When I arrived in this country in 1979, I was simply astounded by the affluence of the middle class, and the luxurious lifestyles they led with their houses, their latest cars, stereos, and the amenities in their homes. In India, these were trappings of the rich and famous only, and the middle class lived hand to mouth, struggling to stay above the social demarcation line of poverty—like a drowning person flailing epileptically to keep their head above water and fearing the engulfing strength of the next (economic) vortex that would venture too close. 

America is sinking into an economic quagmire percolated by the Tea Partiers who only hum one tune: small government and few regulations. Their tax plan only benefits the richest Americans and corporations. The post-9/11 greed that has been fueled by deregulation at all levels which the Tea Partiers now support: most prominently in the military, health, and financial sectors. Armed with newly bequeathed freedom and a blank canvas of minimal regulation, corporate America painted an absurdist view of how business in America should be conducted. The politicians keep an implacably sham patriotic rant of how this is the greatest country on earth (and still is a great country what’s left of it) it hadn’t occurred to them that to keep America great, you must pay a handsome sum. Statistically our great country hasn’t been great in a number of things, whether it is health care, education, infant mortality, standard of living etc. 

Corporations have become even more emboldened during the last mid-term election by the Supreme Court decision of Citizen United vs. FEC which basically gives them carte blanche to spend obscene amount of monies on lobbying—monies that are simply out of the realm of average citizens—through special political packs like the American Crossroads GPS, which is able, unfettered, to influence election outcomes: a milieu which was, formerly, the sole domain of the voters (‘of the people, by the people, for the people’ anyone?). Now these corporations are free to write their own policies through their minions (lobbyists), with the politicians of their choosing in their pockets. 

Some states decry shortages of budgets; these same states have no qualms about giving their corporate cronies further tax breaks laded on the backs of the average workers and at the cost of education.
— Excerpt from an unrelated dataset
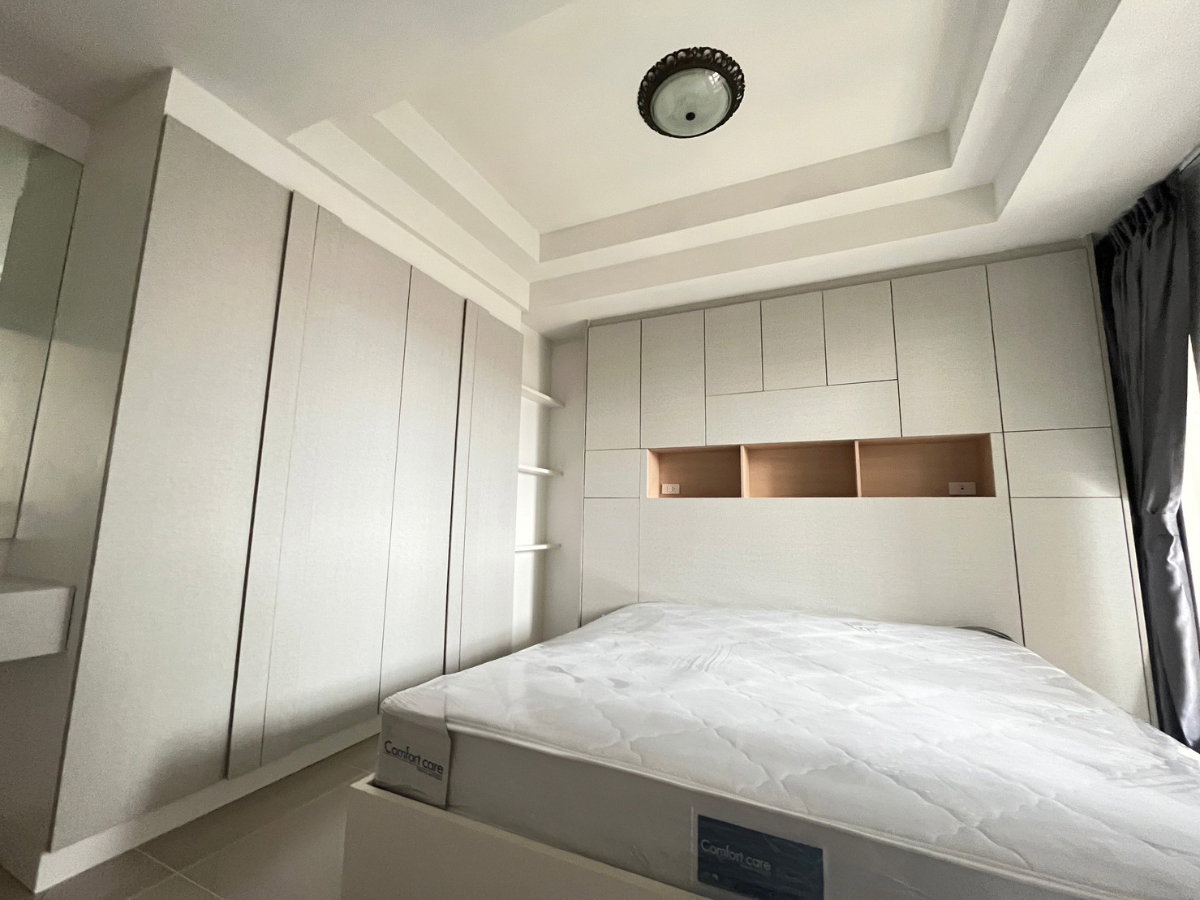 picture Beautiful 2-Story Duplex Condo! Newly Renovated - 4/16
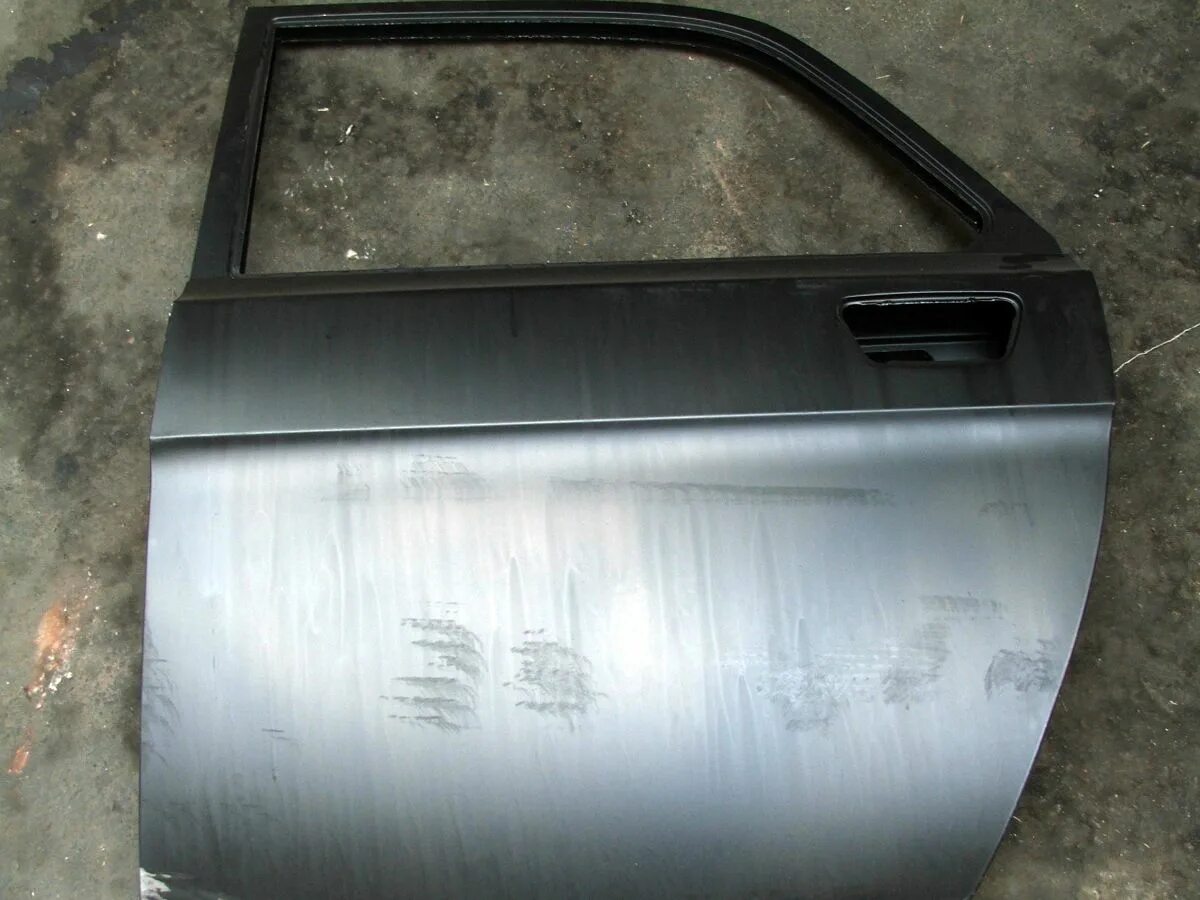 Дверь передняя левая газ-24. Стекло двери волга. Дверь водительская на газ 3110. Дверь волга 3110. Дверь газ 31105.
The tax burden on the richest class of this country is at its lowest in 60 years: yet one still gets an earful about the state of ‘high taxes’ from the same class. The last staggering statistic is that the richest 400 American families own about 50% of the economic assets of this country. 

While the middle class is economically a shell of its former hale appearance, even battered and desiccated, it still manages a slight semblance of its economically plump glorious past. In India there is an old saying, “Even a dead elephant is worth a million rupees”. Today, after poaching the mighty elephantine middle class for years, the rich are perched comfortably in their ivory towers, without an iota of concern for their acts. When the dormant but festering sentiments of this large disappearing class awakens, the economic elites had better learn some lessons from history.